Below are entries; copy exactly the lines from the one with "Fjällräven レザー・ハンドルバックパック - 画像2" through the one with "Բացօթյա տոներ և Հունիսի 1", both included, and leave out the rest.

◆ **Data for the task**:
+ + +
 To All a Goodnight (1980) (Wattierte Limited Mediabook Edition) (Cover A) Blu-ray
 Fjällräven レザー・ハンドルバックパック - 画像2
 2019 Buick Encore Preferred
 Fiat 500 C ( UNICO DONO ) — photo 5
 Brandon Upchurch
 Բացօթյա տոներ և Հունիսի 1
+ + +
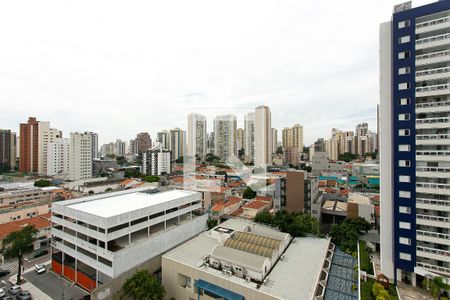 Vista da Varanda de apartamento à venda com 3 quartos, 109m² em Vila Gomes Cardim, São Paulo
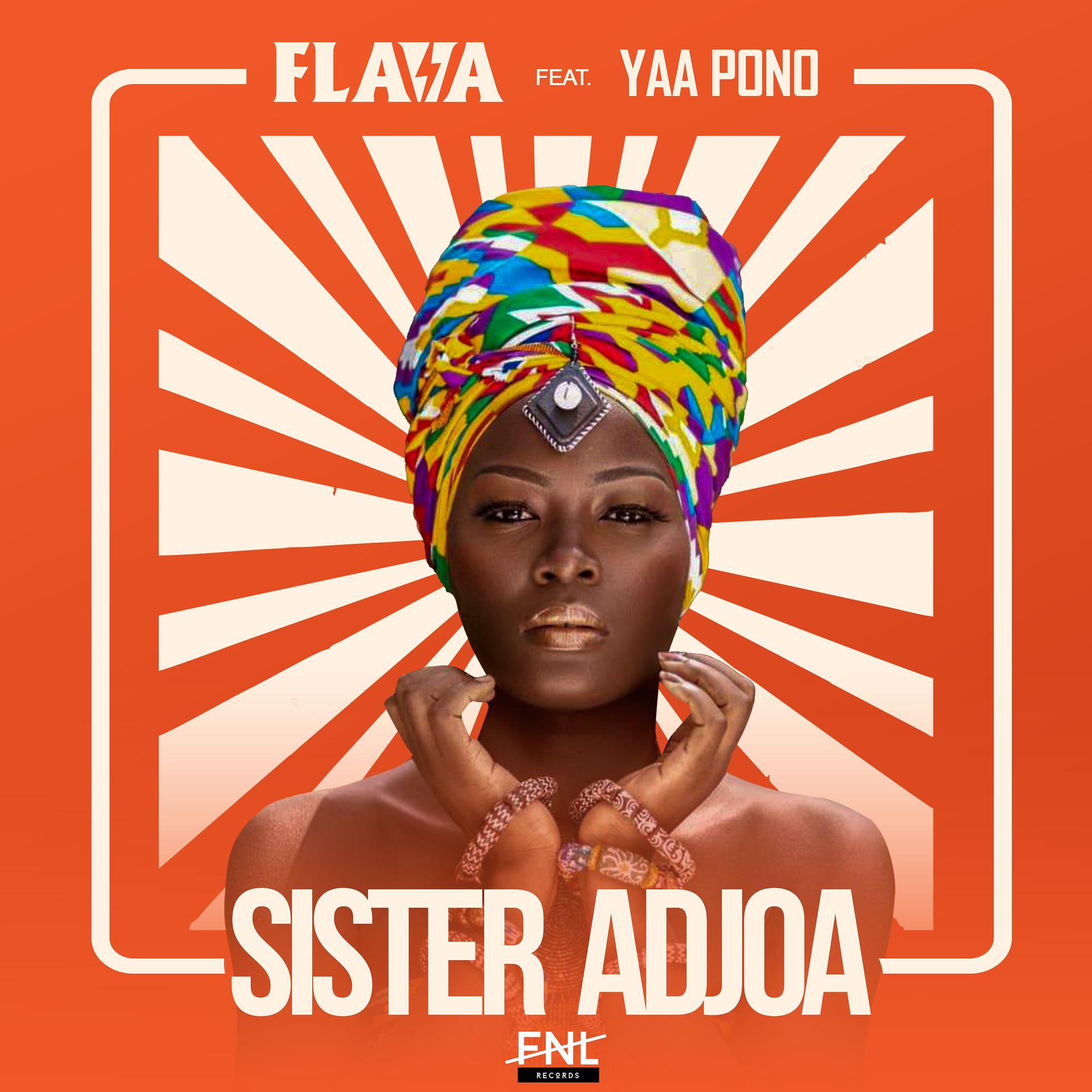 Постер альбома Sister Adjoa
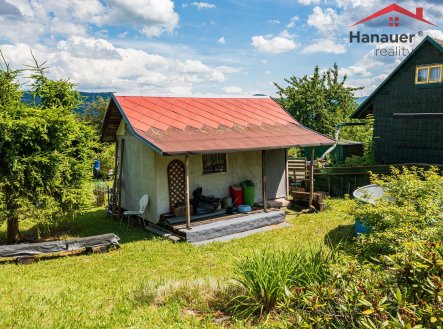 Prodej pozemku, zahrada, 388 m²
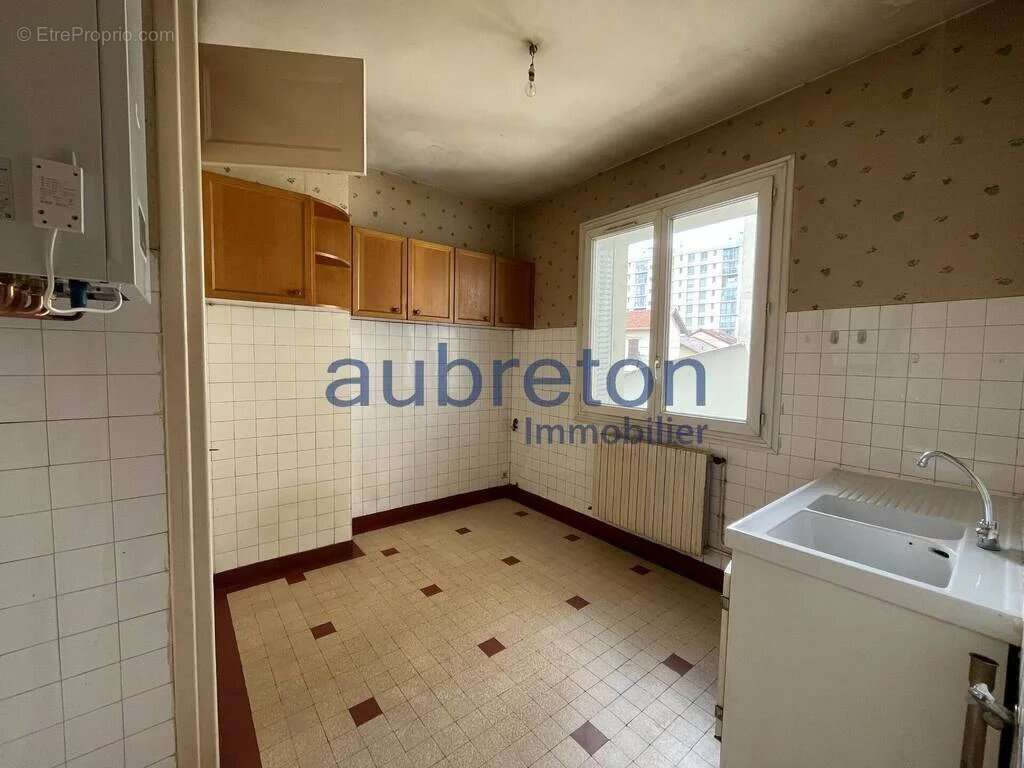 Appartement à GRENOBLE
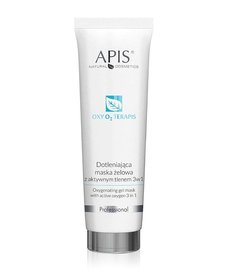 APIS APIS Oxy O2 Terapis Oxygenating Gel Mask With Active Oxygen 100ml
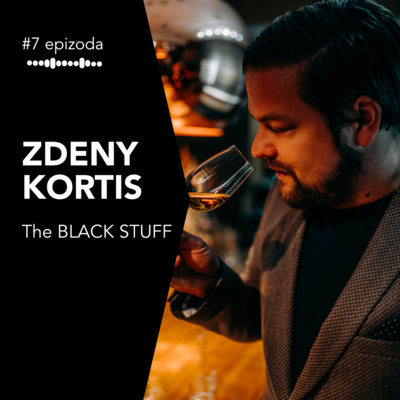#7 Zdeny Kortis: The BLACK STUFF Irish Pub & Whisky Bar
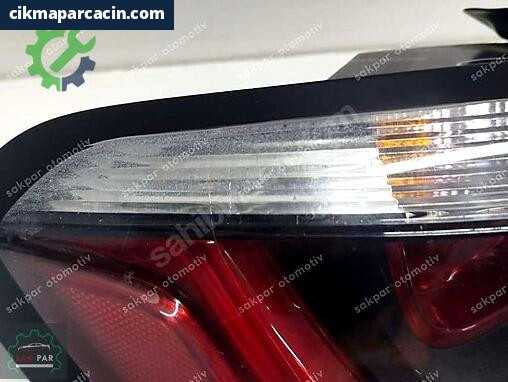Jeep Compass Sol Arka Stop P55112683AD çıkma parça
+ + +
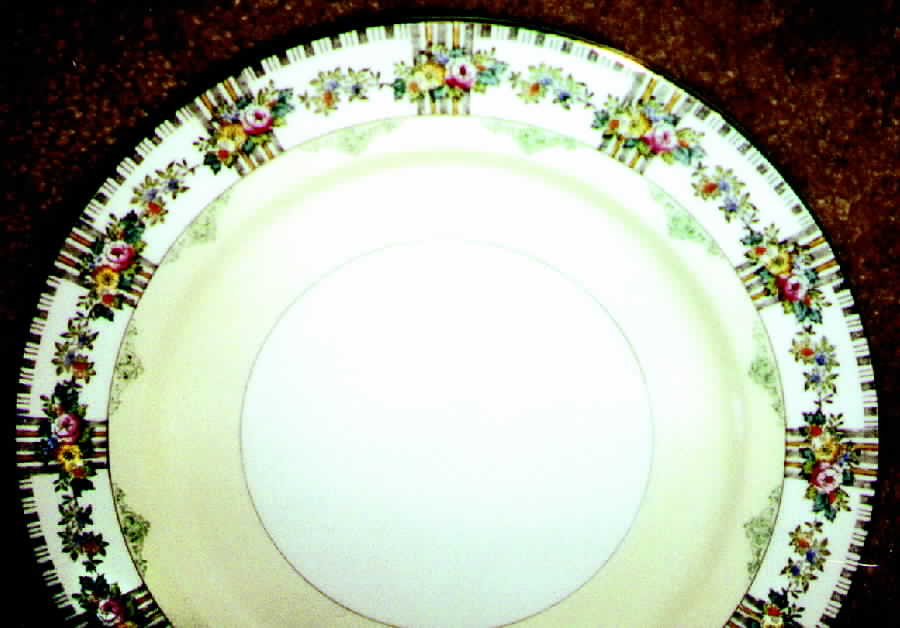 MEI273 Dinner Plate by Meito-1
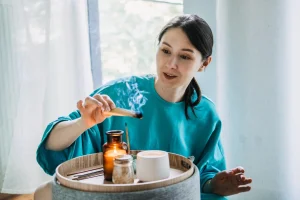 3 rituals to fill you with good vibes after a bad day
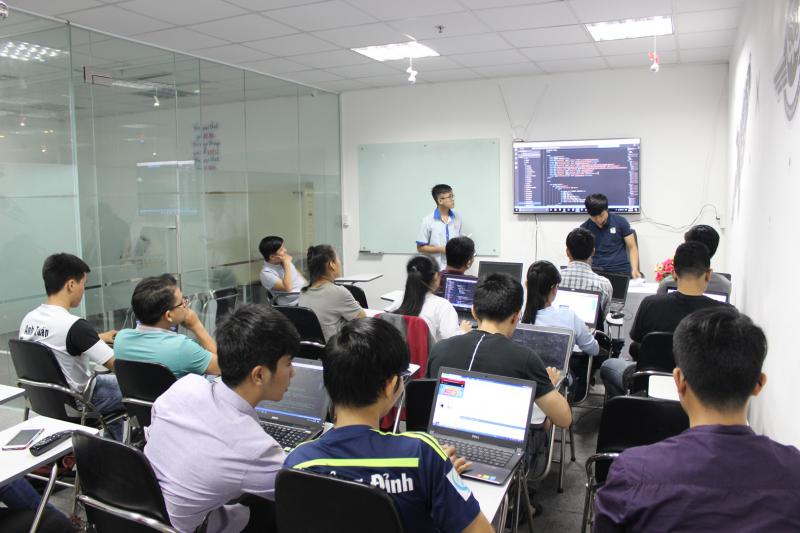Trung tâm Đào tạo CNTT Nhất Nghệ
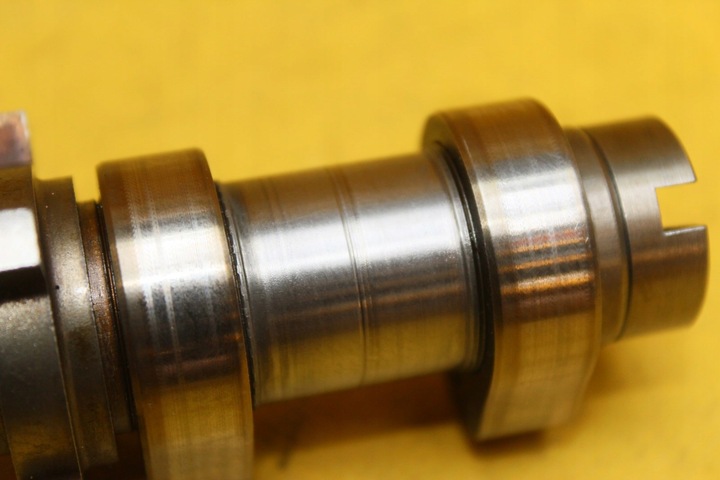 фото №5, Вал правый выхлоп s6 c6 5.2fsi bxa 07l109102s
+ + +
◆ **Reply**:
 Fjällräven レザー・ハンドルバックパック - 画像2
 2019 Buick Encore Preferred
 Fiat 500 C ( UNICO DONO ) — photo 5
 Brandon Upchurch
 Բացօթյա տոներ և Հունիսի 1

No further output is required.